Hubo un hombre, enviado por Dios: se
llamaba Juan. Éste vino para un testimonio, para dar testimonio de la luz, para
que todos creyeran por él. No era él la luz, sino quien debía dar testimonio de
la luz. La Palabra era la luz verdadera que ilumina a todo hombre que viene a
este mundo. En el mundo estaba, y el mundo fue hecho por ella, y el mundo no la
conoció. Vino a su casa, y los suyos no la recibieron. Pero a todos los que la
recibieron les dio poder de hacerse hijos de Dios, a los que creen en su
nombre; la cual no nació de sangre, ni de deseo de hombre, sino que nació de
Dios.
Y la Palabra se hizo carne, y puso su
morada entre nosotros, y hemos contemplado su gloria, gloria que recibe del
Padre como Hijo único, lleno de gracia y de verdad. Juan da testimonio de Él y
clama: «Éste era del que yo dije: El que viene detrás de mí se ha puesto
delante de mí, porque existía antes que yo». Pues de su plenitud hemos recibido
todos, y gracia por gracia. Porque la Ley fue dada por medio de Moisés; la
gracia y la verdad nos han llegado por Jesucristo. A Dios nadie le ha visto
jamás: el Hijo único, que está en el seno del Padre, Él lo ha contado.
Y
la Palabra se hizo carne, y puso su morada entre nosotros, y hemos contemplado
su gloria
Hoy, el Evangelio de Juan se nos presenta
en una forma poética y parece ofrecernos, no solamente una introducción, sino
también como una síntesis de todos los elementos presentes en este libro. Tiene
un ritmo que lo hace solemne, con paralelismos, similitudes y repeticiones
buscadas, y las grandes ideas trazan como diversos grandes círculos. El punto
culminante de la exposición se encuentra justo en medio, con una afirmación que
encaja perfectamente en este tiempo de Navidad: «Y la Palabra se hizo carne, y
puso su morada entre nosotros» (Jn 1,14).

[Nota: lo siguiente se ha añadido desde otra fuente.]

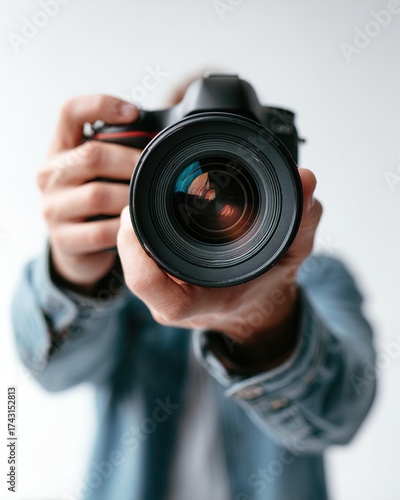 A photographer holds up a digital camera in front of them, preparing to capture a stunning moment. The camera, a tool of creativity, awaits its next shot.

El autor nos dice que Dios asumió la
condición humana y se instaló entre nosotros. Y en estos días lo encontramos en
el seno de una familia: ahora en Belén, y más adelante con ellos en el exilio
de Egipto, y después en Nazaret.
Dios ha querido que su Hijo comparta
nuestra vida, y —por eso— que transcurra por todas las etapas de la existencia:
en el seno de la Madre, en el nacimiento y en su constante crecimiento (recién
nacido, niño, adolescente y, por siempre, Jesús, el Salvador).
Y continúa: «Hemos contemplado su gloria,
gloria que recibe del Padre como Hijo único, lleno de gracia y de verdad»
(Ibidem). También en estos primeros momentos, lo han cantado los ángeles:
«Gloria a Dios en el cielo», «y paz en la tierra» (cf. Lc 2,14). Y, ahora, en
el hecho de estar arropado por sus padres: en los pañales preparados por la
Madre, en el amoroso ingenio de su padre —bueno y mañoso— que le ha preparado
un lugar tan acogedor como ha podido, y en las manifestaciones de afecto de los
pastores que van a adorarlo, y le hacen carantoñas y le llevan regalos.
He aquí cómo este fragmento del Evangelio
nos ofrece la Palabra de Dios —que es toda su Sabiduría—. De la cual nos hace
participar, nos proporciona la Vida en Dios, en un crecimiento sin límite, y
también la Luz que nos hace ver todas las cosas del mundo en su verdadero
valor, desde el punto de vista de Dios, con “visión sobrenatural”, con
afectuosa gratitud hacia quien se ha dado enteramente a los hombres y mujeres
del mundo, desde que apareció en este mundo como un Niño.